5 Tips for Running a Company From Abroad
From the Other Side of the World

As an entrepreneur who travels frequently, I know all too well the anxiety of leaving my business behind.  My travels have made me a better entrepreneur and leader, and while not everyone has this insatiable itch to wander the world, I believe every entrepreneur could benefit from voyaging abroad and experiencing new things.

That said, while leaders are flying to a different continent, their team will be making key decisions without their oversight.  This can be scary, especially for the type-A leader -- but it is manageable. If you’re looking for this kind of challenge, here are a few tips to keep your business running smoothly:

1. Communicate clearly and often When working internationally, communication is key. It’s hard enough to manage employees within your building, but even more difficult when those employees are several time zones ahead of you. Their work day is winding down just as yours is getting started. 
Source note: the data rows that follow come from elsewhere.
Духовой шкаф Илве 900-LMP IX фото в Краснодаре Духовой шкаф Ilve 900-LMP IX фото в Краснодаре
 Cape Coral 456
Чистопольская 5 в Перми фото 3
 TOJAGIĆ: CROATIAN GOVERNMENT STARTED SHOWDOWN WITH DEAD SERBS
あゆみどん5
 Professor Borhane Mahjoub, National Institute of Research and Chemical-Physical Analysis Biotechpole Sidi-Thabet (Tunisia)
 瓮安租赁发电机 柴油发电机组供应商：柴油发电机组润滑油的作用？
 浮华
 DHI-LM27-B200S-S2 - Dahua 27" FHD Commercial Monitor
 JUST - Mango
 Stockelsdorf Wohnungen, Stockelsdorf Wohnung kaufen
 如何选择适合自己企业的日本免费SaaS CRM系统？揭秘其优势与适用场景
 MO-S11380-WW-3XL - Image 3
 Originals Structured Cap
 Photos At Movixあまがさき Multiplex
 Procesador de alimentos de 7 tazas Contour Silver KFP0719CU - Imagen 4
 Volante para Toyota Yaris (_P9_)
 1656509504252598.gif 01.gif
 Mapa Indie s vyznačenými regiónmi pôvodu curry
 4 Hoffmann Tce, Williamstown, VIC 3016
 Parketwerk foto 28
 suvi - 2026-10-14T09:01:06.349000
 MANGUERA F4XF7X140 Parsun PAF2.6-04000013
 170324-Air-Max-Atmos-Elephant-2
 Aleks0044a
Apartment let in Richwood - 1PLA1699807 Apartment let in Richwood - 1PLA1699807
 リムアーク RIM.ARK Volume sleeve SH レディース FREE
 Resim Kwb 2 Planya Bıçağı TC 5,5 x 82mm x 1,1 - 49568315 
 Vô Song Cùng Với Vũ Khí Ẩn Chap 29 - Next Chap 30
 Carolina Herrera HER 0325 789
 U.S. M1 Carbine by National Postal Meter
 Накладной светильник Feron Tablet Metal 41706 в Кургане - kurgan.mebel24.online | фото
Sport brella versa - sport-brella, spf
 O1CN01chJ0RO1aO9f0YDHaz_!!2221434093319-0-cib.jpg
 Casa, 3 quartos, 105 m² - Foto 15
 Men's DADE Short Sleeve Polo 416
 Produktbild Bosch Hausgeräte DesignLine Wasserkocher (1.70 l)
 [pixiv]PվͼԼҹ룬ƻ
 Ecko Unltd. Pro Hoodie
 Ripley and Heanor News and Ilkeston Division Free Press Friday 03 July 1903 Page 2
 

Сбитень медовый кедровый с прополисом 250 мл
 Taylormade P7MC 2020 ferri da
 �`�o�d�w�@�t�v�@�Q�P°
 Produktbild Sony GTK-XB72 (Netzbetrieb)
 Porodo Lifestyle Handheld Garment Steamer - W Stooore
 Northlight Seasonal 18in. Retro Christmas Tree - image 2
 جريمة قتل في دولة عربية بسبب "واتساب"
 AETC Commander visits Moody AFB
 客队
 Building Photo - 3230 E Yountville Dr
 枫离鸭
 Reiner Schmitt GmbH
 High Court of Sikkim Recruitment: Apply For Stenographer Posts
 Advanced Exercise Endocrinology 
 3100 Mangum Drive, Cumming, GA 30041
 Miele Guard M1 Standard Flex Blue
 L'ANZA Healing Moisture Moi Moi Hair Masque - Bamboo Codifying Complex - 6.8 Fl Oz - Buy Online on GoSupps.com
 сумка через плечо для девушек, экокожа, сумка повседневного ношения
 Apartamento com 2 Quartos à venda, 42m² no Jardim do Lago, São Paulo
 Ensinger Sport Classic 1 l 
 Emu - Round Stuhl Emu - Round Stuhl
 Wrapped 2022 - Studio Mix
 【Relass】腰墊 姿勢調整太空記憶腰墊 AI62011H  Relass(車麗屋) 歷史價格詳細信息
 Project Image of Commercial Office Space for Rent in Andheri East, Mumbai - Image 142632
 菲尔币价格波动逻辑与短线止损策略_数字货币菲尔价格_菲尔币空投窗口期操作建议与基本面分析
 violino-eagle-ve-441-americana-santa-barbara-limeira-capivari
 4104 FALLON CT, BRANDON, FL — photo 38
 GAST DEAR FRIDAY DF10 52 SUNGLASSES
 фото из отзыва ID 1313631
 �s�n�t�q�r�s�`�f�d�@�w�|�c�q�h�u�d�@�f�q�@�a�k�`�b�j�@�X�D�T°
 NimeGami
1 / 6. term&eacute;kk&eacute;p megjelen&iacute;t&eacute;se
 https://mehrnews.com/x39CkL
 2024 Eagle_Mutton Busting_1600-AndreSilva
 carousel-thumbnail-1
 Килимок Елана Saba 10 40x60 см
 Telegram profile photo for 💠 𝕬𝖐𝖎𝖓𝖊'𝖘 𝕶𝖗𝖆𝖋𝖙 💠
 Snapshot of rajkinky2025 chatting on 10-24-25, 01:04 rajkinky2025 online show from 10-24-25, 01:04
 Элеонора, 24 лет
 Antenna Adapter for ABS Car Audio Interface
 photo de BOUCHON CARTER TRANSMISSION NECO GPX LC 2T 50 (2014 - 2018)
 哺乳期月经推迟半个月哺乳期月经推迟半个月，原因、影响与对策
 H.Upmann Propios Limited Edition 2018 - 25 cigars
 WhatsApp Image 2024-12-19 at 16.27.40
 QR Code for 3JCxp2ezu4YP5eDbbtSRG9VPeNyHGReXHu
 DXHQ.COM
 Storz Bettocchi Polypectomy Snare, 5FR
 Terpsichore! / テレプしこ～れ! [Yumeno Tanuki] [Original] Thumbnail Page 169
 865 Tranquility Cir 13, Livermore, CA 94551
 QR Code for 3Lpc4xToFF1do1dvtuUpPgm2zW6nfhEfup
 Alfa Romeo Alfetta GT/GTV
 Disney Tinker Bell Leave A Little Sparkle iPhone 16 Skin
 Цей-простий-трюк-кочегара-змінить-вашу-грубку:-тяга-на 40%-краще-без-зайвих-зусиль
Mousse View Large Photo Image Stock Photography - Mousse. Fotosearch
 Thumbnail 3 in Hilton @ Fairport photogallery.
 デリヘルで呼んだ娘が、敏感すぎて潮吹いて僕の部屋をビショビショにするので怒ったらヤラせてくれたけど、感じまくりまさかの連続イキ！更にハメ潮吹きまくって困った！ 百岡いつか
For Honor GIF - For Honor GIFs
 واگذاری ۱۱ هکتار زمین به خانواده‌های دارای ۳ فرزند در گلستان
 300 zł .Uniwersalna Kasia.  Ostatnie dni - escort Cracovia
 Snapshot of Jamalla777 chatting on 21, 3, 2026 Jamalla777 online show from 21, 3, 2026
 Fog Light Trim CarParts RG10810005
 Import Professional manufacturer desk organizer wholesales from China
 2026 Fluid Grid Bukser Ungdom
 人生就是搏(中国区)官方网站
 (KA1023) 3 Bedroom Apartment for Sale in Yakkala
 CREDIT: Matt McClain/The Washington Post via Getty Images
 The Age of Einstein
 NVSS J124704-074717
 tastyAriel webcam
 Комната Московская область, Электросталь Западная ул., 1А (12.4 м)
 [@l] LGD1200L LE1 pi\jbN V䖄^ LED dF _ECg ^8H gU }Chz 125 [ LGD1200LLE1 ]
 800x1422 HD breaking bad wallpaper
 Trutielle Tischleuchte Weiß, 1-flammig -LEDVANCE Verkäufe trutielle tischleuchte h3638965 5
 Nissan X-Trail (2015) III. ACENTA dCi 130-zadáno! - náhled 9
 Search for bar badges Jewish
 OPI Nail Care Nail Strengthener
2. Let go of control.  At some point in your entrepreneurial journey, you’ve probably said, “If I want something done right, I have to do it myself!” Almost all entrepreneurs have. However, this mentality won’t give you the freedom you need to travel. You need to delegate.

If you struggle with delegation, don’t worry -- you’re not alone. Approximately half of all companies are in the same boat. But I’ve found the real trick to feel confident about delegation is to hire people with complementary skill sets to your own. That way, you won’t be able to jump in on their work, because you can’t actually do their work.

3. Hire employees who don’t need you.  Studies have shown that extrinsic motivation is a horrible method by which to drive behavior. Do you really want employees who only work hard when you dangle a carrot in front of their faces and require a firm pat on the back afterward?

Instead, hire a self-sufficient manager to anchor the ship while you’re gone, and surround this individual with people who don’t need constant validation. Under the right leadership, self-motivated employees won’t kick back and relax the second you step out of the office, which means productivity won’t plummet while you’re off.

4. Establish organization modes that work for your team.  When I first started traveling, I had to find ways to stay connected with my team.  We’ve tried various things and are now having weekly internal calls to check in and stay up to date on the happenings within the company.

We build business process around customer satisfaction and project completion, we defined our own business rule in terms of approval, review and etc.

We also  benefit by incorporating our own ERP/ Project Management Tools, enabling us to keep tabs on projects quickly and easily at any time of day.  Build a flexible team that’s empowered to succeed in your absence, and find the right organizational tools that keep you in the loop.

5. Bridge the distance with technology. A personal connection is important while managing an international team and the right technology helps. Sharing technology, shared workplaces and cloud storage solutions  make working remotely a seamless process.

Mobility is also key to ensuring deadlines are met when working internationally because of the time difference.  Staying organized is a linchpin to a successful international business.